Data for this task:
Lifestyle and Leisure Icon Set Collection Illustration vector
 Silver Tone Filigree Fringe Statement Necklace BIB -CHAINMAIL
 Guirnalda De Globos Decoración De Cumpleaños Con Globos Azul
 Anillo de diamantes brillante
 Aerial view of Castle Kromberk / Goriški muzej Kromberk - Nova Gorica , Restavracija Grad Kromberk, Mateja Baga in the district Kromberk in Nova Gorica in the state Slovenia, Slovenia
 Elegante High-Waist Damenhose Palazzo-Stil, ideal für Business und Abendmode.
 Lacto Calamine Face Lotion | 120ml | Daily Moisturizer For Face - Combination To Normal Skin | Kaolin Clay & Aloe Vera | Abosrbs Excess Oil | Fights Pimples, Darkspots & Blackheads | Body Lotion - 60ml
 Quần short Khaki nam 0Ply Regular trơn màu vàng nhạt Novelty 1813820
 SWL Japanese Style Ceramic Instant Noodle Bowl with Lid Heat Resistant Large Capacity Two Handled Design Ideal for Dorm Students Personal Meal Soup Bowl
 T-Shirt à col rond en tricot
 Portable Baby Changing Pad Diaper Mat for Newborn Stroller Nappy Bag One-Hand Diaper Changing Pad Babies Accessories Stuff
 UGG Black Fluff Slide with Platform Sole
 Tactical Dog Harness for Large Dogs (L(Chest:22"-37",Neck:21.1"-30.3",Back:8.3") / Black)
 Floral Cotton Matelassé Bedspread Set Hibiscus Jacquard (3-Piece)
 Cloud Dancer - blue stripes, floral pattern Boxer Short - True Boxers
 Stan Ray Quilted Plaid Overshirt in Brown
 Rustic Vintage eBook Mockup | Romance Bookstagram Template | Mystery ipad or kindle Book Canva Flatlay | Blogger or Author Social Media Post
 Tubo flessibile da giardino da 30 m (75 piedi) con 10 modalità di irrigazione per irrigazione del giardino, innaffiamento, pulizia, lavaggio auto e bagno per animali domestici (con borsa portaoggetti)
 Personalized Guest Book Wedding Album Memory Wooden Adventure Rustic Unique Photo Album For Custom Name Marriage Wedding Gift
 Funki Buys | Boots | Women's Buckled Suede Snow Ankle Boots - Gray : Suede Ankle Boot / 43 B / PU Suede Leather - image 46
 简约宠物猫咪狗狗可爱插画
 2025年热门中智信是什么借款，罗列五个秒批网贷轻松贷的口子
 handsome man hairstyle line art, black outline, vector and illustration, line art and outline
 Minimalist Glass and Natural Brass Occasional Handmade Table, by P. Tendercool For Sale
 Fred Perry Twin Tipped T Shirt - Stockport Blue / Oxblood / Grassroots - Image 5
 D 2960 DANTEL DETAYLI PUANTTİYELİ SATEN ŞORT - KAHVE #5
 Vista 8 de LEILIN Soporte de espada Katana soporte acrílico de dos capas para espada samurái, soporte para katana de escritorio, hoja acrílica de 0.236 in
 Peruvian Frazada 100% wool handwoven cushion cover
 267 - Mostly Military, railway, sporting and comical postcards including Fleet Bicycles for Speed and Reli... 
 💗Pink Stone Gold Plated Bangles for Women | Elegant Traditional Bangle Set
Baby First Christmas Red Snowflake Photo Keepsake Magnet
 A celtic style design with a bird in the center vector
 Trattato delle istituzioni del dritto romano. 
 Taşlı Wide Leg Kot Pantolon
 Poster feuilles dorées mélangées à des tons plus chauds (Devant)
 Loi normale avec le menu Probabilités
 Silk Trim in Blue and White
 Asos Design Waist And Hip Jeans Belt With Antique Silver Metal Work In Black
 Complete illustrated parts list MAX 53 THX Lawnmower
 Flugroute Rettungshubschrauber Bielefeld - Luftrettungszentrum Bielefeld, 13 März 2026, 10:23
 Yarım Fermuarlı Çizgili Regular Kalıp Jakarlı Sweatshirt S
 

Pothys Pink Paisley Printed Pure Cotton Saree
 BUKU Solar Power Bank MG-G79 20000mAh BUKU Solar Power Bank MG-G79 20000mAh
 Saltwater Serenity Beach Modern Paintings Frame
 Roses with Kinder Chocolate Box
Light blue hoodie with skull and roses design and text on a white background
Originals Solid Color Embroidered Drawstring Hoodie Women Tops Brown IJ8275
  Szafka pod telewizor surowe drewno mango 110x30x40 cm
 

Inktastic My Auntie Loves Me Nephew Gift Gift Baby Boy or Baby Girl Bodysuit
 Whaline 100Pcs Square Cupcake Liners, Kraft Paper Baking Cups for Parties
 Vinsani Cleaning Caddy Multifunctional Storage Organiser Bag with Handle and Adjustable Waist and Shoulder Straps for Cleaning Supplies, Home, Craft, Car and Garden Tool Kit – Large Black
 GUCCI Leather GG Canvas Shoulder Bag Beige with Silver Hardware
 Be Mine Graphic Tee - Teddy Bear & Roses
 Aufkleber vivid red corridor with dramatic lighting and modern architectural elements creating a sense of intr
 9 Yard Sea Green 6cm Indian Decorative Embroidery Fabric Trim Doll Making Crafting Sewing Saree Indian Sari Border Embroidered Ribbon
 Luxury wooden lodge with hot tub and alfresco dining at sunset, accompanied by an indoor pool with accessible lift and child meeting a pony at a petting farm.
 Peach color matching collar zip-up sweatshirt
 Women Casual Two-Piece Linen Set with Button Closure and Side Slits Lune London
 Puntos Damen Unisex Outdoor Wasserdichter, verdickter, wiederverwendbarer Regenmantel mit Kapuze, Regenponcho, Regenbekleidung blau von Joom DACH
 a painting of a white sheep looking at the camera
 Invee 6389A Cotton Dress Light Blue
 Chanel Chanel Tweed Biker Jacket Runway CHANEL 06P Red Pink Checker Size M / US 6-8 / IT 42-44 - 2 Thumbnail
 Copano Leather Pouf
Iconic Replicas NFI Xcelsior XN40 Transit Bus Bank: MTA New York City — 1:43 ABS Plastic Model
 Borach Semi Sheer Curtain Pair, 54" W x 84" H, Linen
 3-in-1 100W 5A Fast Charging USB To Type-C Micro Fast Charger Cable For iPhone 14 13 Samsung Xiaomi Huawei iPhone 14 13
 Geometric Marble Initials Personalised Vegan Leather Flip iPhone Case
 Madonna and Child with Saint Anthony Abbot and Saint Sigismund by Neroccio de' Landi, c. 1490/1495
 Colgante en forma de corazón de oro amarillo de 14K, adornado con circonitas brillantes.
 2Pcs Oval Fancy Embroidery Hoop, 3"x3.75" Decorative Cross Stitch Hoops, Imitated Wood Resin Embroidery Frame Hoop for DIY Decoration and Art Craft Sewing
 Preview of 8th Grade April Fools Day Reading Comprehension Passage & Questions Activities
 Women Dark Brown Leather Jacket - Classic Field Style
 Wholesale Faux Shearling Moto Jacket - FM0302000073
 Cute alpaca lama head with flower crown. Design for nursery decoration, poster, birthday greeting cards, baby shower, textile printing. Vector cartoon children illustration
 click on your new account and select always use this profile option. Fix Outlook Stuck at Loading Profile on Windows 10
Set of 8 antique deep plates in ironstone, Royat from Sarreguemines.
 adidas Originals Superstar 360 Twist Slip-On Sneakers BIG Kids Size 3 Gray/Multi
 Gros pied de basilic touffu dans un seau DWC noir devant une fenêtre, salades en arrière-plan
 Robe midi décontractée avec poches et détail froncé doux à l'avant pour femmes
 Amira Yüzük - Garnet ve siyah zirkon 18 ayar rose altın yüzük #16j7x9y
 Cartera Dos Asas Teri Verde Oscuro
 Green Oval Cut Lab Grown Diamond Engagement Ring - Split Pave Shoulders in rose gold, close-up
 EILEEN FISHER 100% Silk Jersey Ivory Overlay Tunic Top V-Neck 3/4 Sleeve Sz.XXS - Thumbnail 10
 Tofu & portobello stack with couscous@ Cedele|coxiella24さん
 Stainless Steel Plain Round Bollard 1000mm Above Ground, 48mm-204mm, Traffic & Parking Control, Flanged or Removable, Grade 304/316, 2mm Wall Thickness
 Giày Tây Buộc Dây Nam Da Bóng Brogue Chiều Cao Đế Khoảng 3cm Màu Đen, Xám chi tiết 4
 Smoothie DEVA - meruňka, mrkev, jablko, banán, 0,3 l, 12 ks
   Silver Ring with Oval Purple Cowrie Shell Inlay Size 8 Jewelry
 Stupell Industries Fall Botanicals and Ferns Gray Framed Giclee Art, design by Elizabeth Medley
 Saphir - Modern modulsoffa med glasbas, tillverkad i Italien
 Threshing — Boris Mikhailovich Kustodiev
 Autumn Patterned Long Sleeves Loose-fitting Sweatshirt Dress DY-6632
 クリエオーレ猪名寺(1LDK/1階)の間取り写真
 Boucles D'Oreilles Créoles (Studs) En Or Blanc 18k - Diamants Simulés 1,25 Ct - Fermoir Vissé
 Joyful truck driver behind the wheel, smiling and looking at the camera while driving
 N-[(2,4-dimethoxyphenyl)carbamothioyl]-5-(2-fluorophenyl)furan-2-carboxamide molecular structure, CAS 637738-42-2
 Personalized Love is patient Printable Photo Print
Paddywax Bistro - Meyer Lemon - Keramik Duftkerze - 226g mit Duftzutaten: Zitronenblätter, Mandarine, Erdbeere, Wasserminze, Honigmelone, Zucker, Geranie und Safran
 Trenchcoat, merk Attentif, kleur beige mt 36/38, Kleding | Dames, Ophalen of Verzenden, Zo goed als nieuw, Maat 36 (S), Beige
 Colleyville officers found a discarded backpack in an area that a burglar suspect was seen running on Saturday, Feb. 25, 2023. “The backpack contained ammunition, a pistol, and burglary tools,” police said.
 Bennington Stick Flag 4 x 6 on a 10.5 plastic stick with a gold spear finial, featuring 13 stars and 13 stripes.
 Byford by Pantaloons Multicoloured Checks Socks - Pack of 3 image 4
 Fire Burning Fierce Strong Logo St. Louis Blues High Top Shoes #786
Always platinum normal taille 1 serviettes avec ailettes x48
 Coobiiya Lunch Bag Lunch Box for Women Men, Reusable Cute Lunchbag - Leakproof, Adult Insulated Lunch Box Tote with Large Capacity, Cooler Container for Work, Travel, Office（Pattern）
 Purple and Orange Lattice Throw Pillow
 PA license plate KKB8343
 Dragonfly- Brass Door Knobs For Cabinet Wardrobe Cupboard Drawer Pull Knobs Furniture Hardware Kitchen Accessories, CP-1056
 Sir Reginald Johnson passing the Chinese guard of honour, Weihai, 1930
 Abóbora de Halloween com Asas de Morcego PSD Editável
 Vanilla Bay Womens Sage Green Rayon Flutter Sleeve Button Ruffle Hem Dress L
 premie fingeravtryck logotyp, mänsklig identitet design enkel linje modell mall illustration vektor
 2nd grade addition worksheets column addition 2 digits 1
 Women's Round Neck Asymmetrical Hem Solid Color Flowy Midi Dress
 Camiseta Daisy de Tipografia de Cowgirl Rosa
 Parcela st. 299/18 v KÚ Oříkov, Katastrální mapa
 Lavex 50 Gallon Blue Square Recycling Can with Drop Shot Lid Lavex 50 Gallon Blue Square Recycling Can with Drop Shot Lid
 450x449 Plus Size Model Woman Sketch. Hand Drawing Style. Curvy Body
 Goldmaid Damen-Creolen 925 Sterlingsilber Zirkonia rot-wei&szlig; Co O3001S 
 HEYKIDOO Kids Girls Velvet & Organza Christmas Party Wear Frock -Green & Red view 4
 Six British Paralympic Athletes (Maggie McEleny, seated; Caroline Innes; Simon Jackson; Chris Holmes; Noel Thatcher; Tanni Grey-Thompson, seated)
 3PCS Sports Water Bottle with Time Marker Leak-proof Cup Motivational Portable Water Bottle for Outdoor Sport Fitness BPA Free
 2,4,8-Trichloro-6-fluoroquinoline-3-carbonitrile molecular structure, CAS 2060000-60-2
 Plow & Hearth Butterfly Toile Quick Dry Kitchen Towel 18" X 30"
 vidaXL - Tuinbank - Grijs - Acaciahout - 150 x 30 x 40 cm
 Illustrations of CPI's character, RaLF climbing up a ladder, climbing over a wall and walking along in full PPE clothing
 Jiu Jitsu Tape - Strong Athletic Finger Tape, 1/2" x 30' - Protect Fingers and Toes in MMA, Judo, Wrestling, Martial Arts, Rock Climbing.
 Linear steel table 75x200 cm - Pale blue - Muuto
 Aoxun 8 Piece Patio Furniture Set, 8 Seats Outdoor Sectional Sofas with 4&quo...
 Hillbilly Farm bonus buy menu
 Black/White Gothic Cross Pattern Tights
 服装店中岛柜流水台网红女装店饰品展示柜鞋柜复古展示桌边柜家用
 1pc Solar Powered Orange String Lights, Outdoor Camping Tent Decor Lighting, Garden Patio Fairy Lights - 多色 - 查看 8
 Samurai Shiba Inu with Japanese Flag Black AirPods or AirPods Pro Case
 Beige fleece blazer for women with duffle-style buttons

Task instructions: Could you repeat exactly the lines in the listing above from the one with "3PCS Sports Water" down to the one with "vidaXL - Tuinbank"? Include both of those lines.

Response to this task:
 3PCS Sports Water Bottle with Time Marker Leak-proof Cup Motivational Portable Water Bottle for Outdoor Sport Fitness BPA Free
 2,4,8-Trichloro-6-fluoroquinoline-3-carbonitrile molecular structure, CAS 2060000-60-2
 Plow & Hearth Butterfly Toile Quick Dry Kitchen Towel 18" X 30"
 vidaXL - Tuinbank - Grijs - Acaciahout - 150 x 30 x 40 cm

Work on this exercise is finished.